*What you need to do*
Leaving out the pictures, copy each record below exactly.

*Extracted information*
* * * *

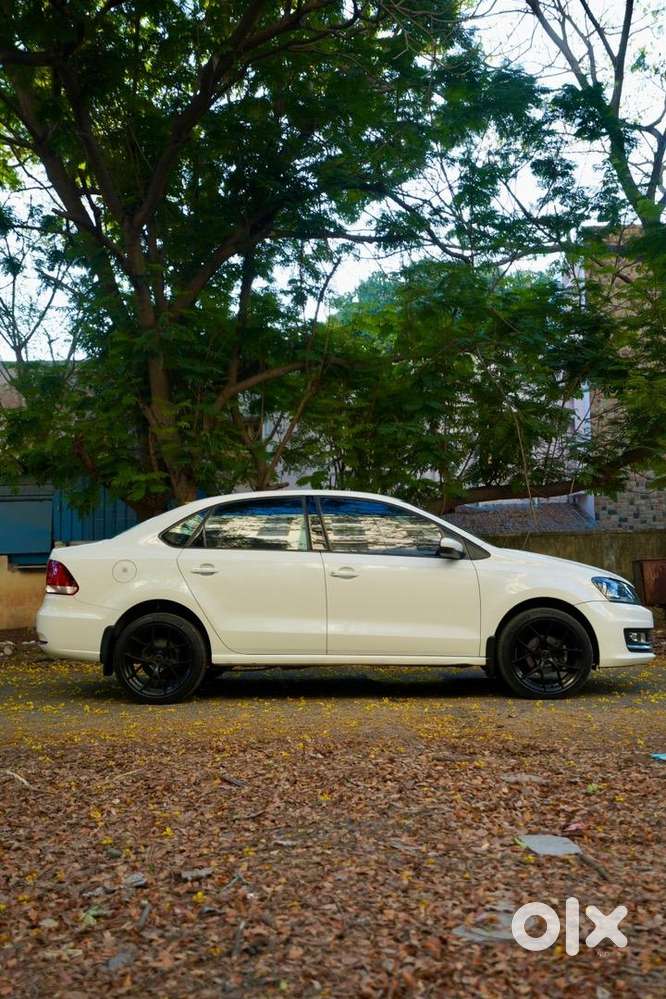 Vw Vento Highline Plus 1.5 Tdi Dsg 2017 – Clean & Well Maintained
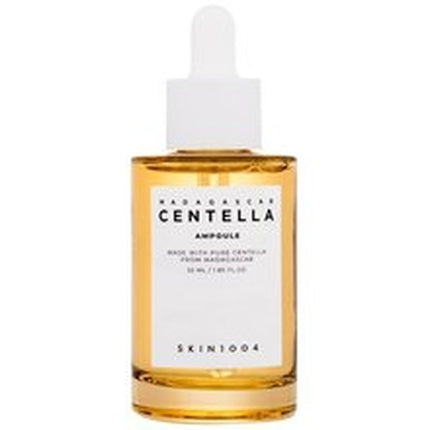 SKIN1004 Madagascar Centella Hyalu-TECA Glass Skin Milk, 210ml Hydrating Milky Essence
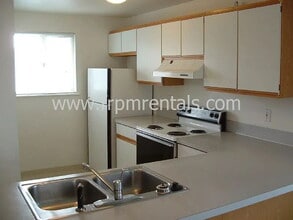 9006 W Java Ln in Boise, ID - Building Photo - Building Photo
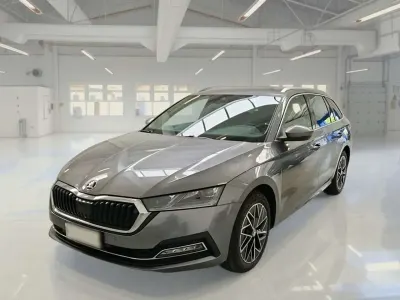 Usata Skoda Octavia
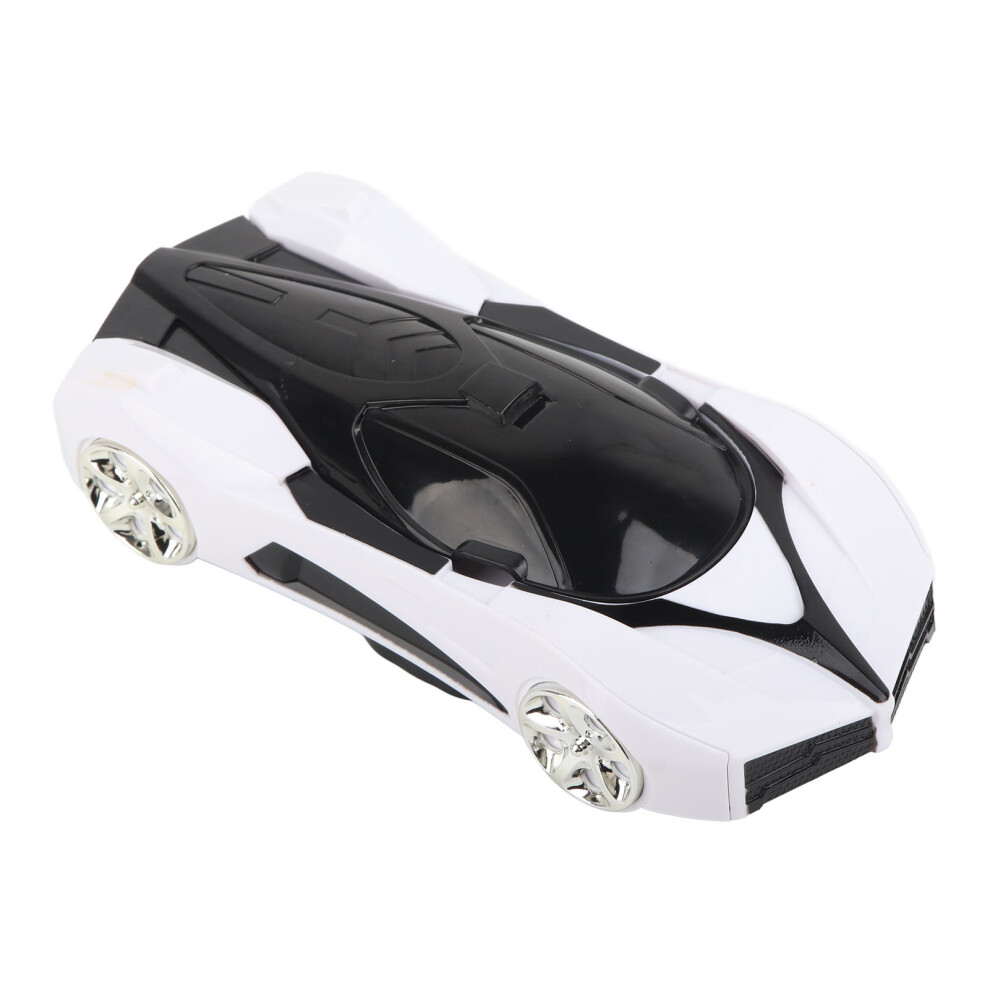 Car Model Phone Holder Abs 360 Rotatable White 3781393720016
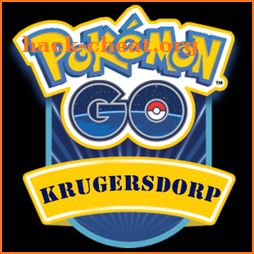 Pokemon Go Krugersdorp icon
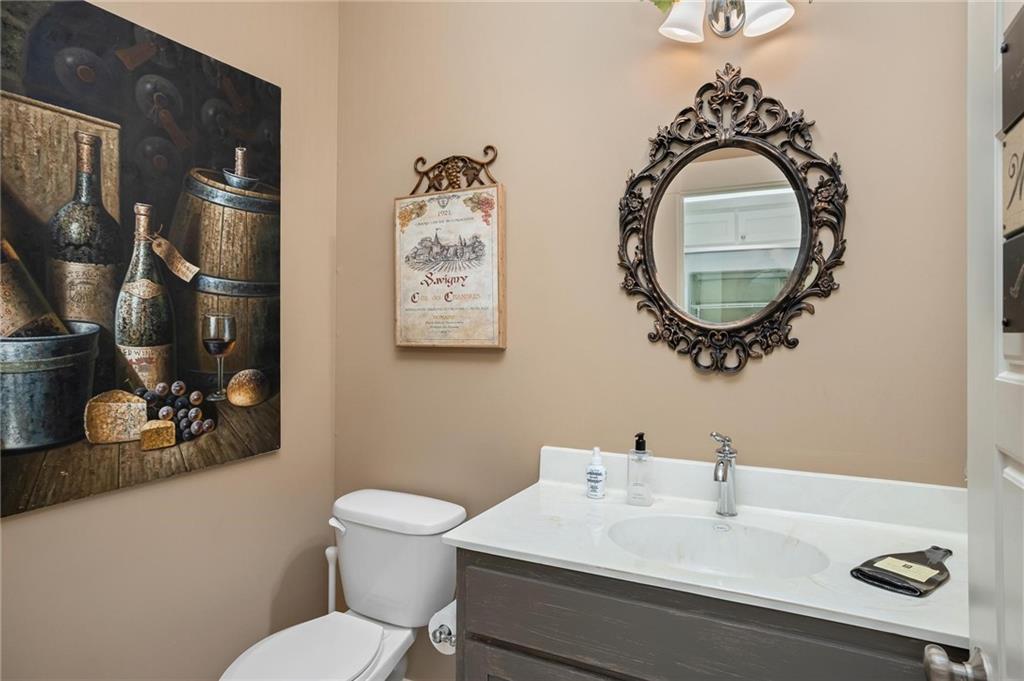 1 Hawthorne Place Property Photo 18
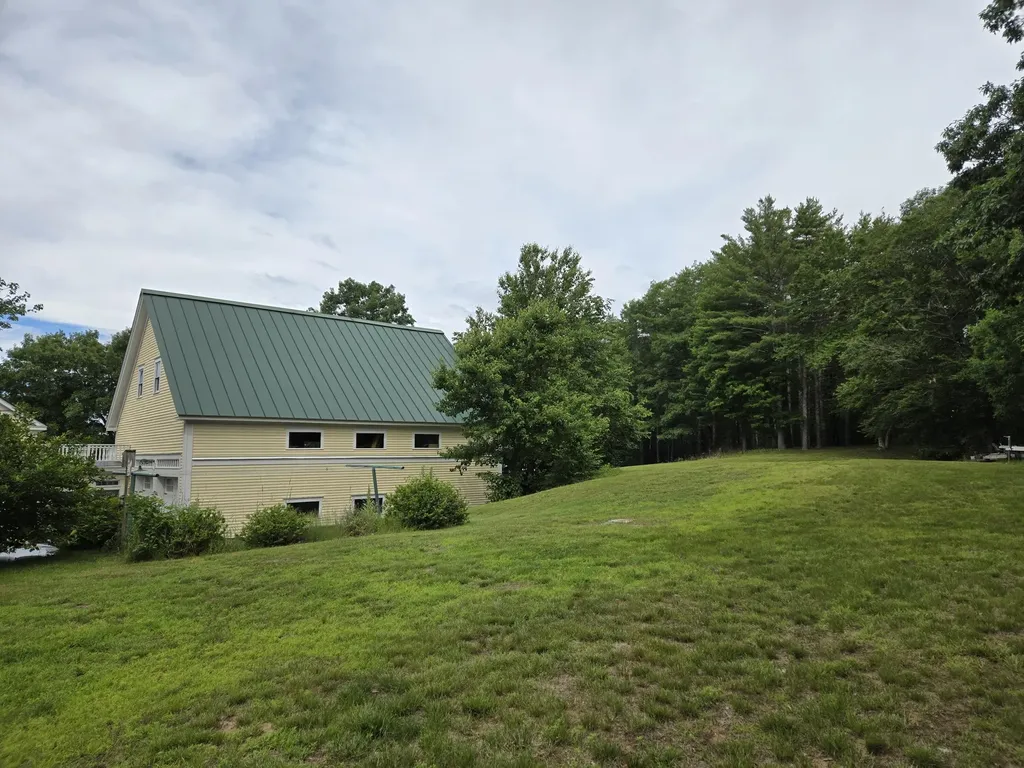 36 Sevigny Drive Alfred ME 04002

* * * *

*Answer box*
 Vw Vento Highline Plus 1.5 Tdi Dsg 2017 – Clean & Well Maintained
 SKIN1004 Madagascar Centella Hyalu-TECA Glass Skin Milk, 210ml Hydrating Milky Essence
 9006 W Java Ln in Boise, ID - Building Photo - Building Photo
 Usata Skoda Octavia
 Car Model Phone Holder Abs 360 Rotatable White 3781393720016
 Pokemon Go Krugersdorp icon
 1 Hawthorne Place Property Photo 18
 36 Sevigny Drive Alfred ME 04002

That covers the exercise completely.